Intro: “My message, especially to young people is to have courage to think differently, courage to invent, to travel the unexplored path, courage to discover the impossible and to conquer the problems and succeed. These are great qualities that they must work towards.” — Dr APJ Abdul Kalam
People’s President- Late Dr APJ Abdul Kalam Azad enjoyed a huge popularity among the youth. As their icon, Dr Kalam was present in their libraries, reading lists, favorite quotations and vision to succeed. As a teacher and mentor, he hardly left any opportunity to interact with the youth and to be among them.
In his famous message to the youth, he says “My message, especially to young people is to have courage to think differently, courage to invent, to travel the unexplored path, courage to discover the impossible and to conquer the problems and succeed. These are great qualities that they must work towards.”
His book: wings of fire has not only been an inspiration, but is said to have impacted lives.
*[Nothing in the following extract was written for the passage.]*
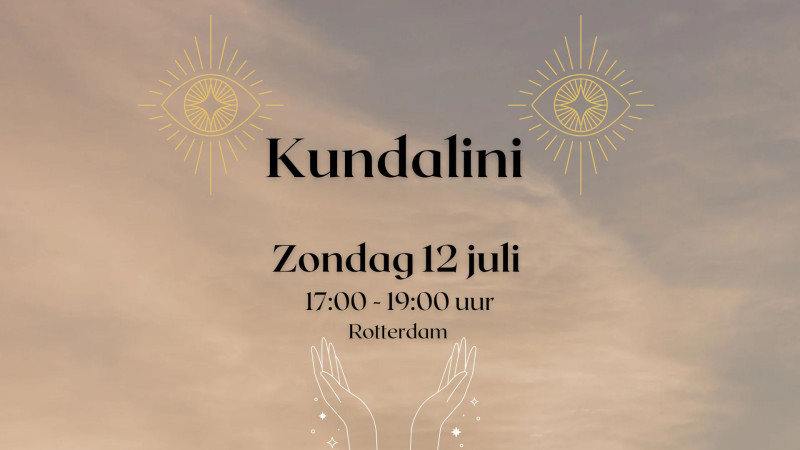 Kundalini | by Cherique - Kundalini, Zelfliefde, Innerlijke Reis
“I learnt that in order to leave footprints on sands of time, you must not drag your feet” says 19 year old Prateek Bajaj who finds this book a window to leading and living a life with a purpose. “If the son of a fisherman can be the first citizen of this country, then what is stopping the youth to strive for perseverance and success through the qualities that he imbibed” he adds.
“I remember rushing behind a forever enigmatic figure with my copy of Wings Of Fire a couple of years ago. He had just finished motivating kids across the nation the umpteenth time and left his all too familiar e mail ID for us to get in touch with.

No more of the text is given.